The following is an interview held late one night at Mary's Coin Laundry (a 24hr laundromat/cafe that holds a special place in many local hearts) with two of Miami's home grown wildcards of unique dance flavors. It contains lude and lascivisious acts of truth, a little spanglish, confessions of passion, crime and the makings of Miami Bass. Interview after the jump
I would like to thank Mary's Coin Laundry for providing the adequate venue and caffeinated beverages for the interview and Jose El Rey for the Photo.
Jose- Diet Jupina exists… we have a six pack in the car, but that’s for tomorrow...
Billermo- Is that good shit?
Otto – its good shit man.
B - You know they make that in Hialeah, at the cawy bottling co.
J - we should go there!
B - you should get sponsored by them.
J – Believe me I’m thinking about it.
B – So, I put this questionnaire together to talk to you to about serious, serious things.
B - Lets start with you [Jose.] What middle school did you attend? We have to know.
J - Unfortunately I didn’t go to middle school.
B – You didn’t go to middle school,
J – No, I mean I went to school for those grades, but the school I went to was 6 through12, Its like a Jesuit/Catholic all man school.
B – Oh so you’re religious
J – Very religious.
B - Do you have skills with any traditional musical instrument?
J – Yeah man, you’ve never seen me play the guitar?
B – I haven’t seen you play shit, only the microphone.
J - Oh my god, no way man.
O – This guy can serenade you on the key board, the guitar, he goes to my house, plugs in my keyboard and goes crazy.
B - Are you obessed with the TR 808?
J - Yeah, Yeah!
B – do you own one?
J – no no ,but...
O – you own 2, right?
J – NO no, I borrow two. They’re not really mine, people can claim them back, I’m just borrowing them indefinitely.
B – So in your songs they’re not [third party] samples, You rip it directly from your 808’s.
J – its both samples and real, it all depends on where I was when I did it. Sometimes I use my moms computer.
B – you make a lot of beats on your mom’s computer?
J – some songs that I still play, were made on my mom’s computer.
B – that’s good to know.
J – Its really weird, I’ll go over to eat dinner with her, and I’ll excuse my self early, to retire to pappy’s office…
B – For real?
J – For real.
B – That’s raw though, it’s a good family element to your music.
J – Except its upsetting, my mom gets sad that I don’t talk to her after we eat.
B – Your parents don’t know that you are a performer of the night times?
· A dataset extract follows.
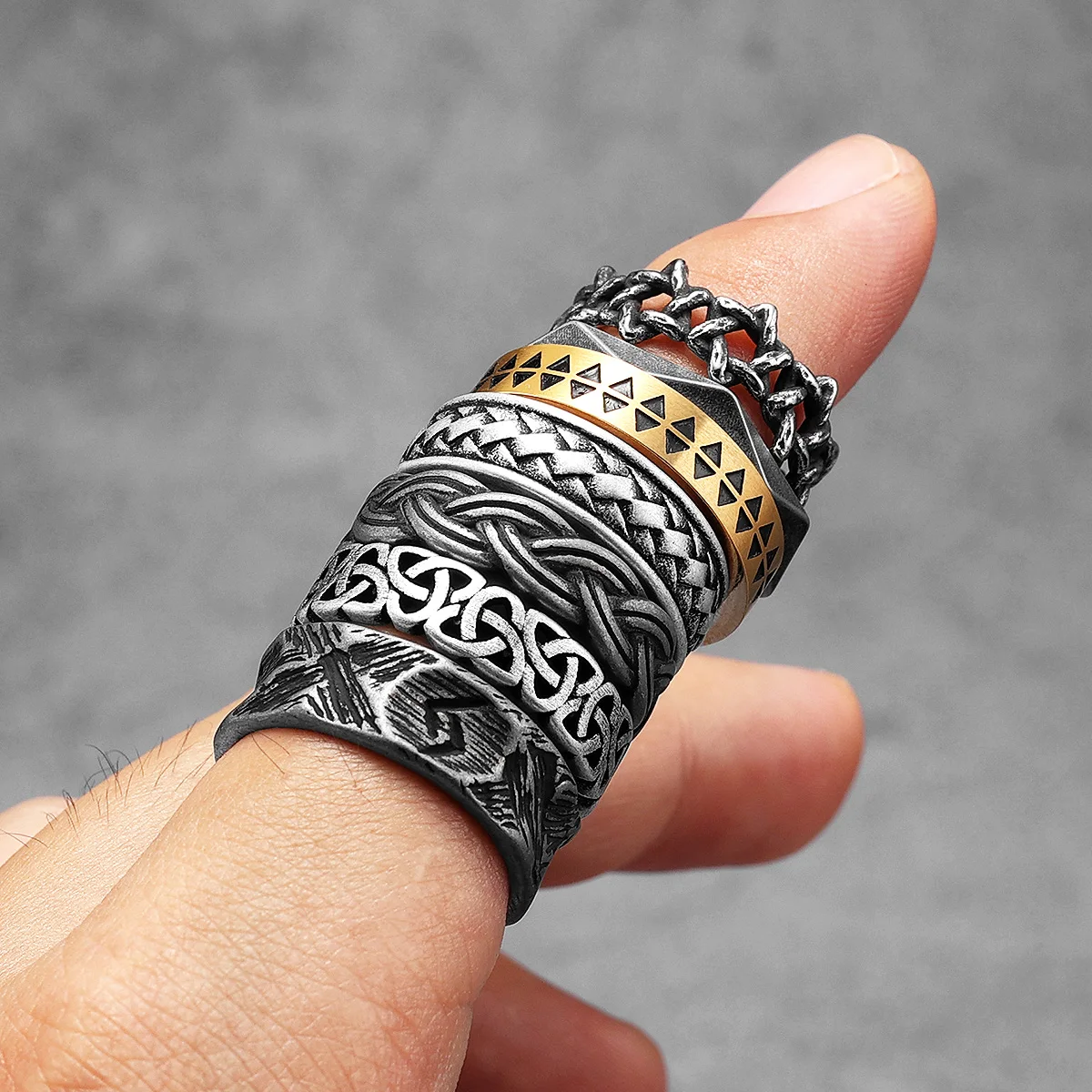 Hollow Celtic Knot Men Rings S - đánh giá và giá Vintage Fashion Newtown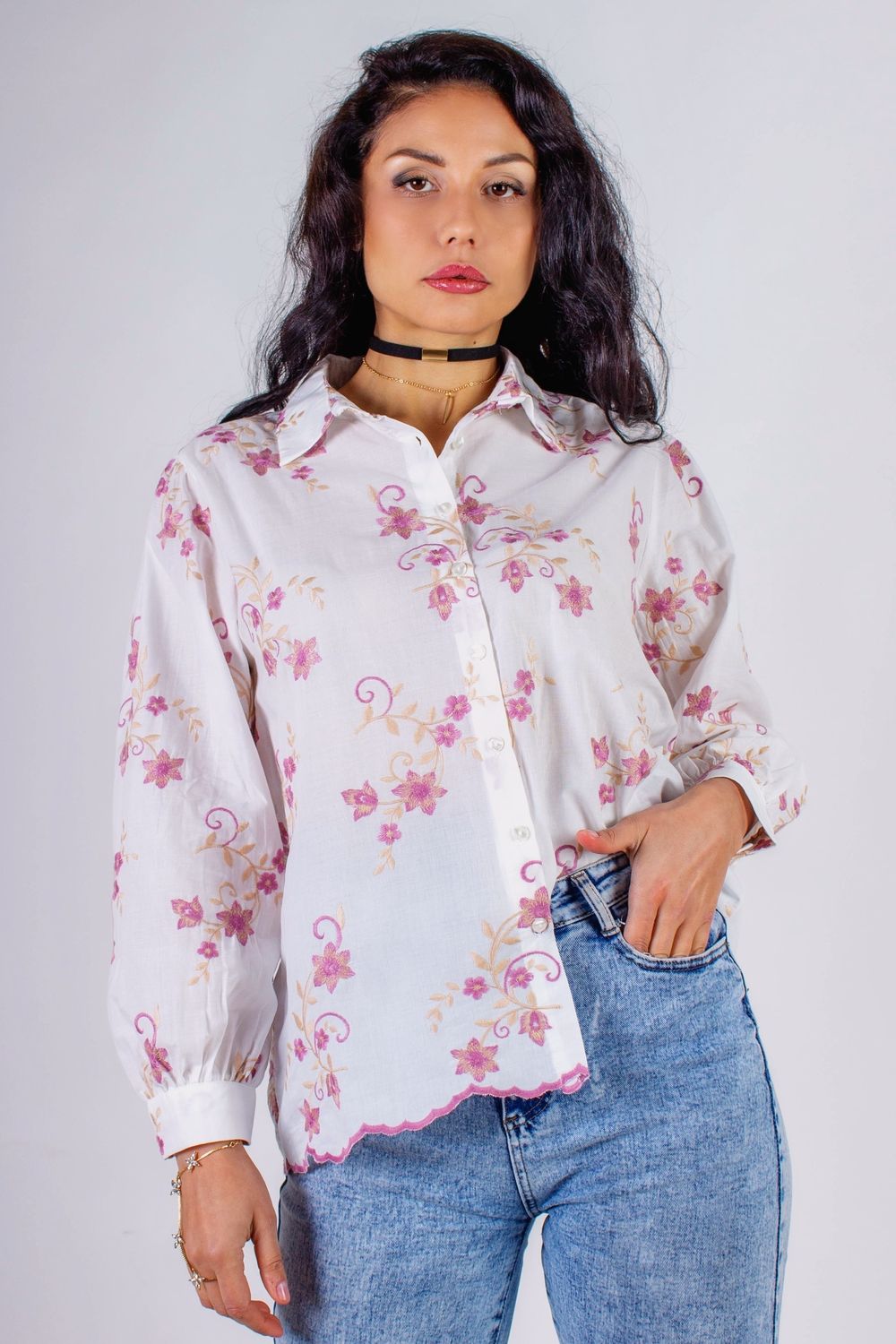 Рубашка хлопковая с вышивкой, арт.050-G - белый + розовые цветы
J – no no, they know. Its hard to describe, they’re not really proud of it, or upset about it. They’re just like in the middle about it.
B – Are you in fact Cuban?
J – In fact?
B – I was lead to believe that you were, but still not sure about it.
J – yeah, but I don’t know that I ever said [on the record] that I was.
B – but now it is on the record that you are actual Cuban?
J - No I am in fact, American, I was born here. That’s what my grandfather tells me to say if anybody asks.
B – Cool.
B – how long have you been producing electro bass things? I hadn’t heard of you before 2007.
J – Yeah, I started playing [live] in 2007, and I had made the songs like, late 2006.
B – wow, pretty small time frame, and you’re doing pretty good with it, lots of shows, people seem to like you.
J – the shows make the difference, at first it was all just at home.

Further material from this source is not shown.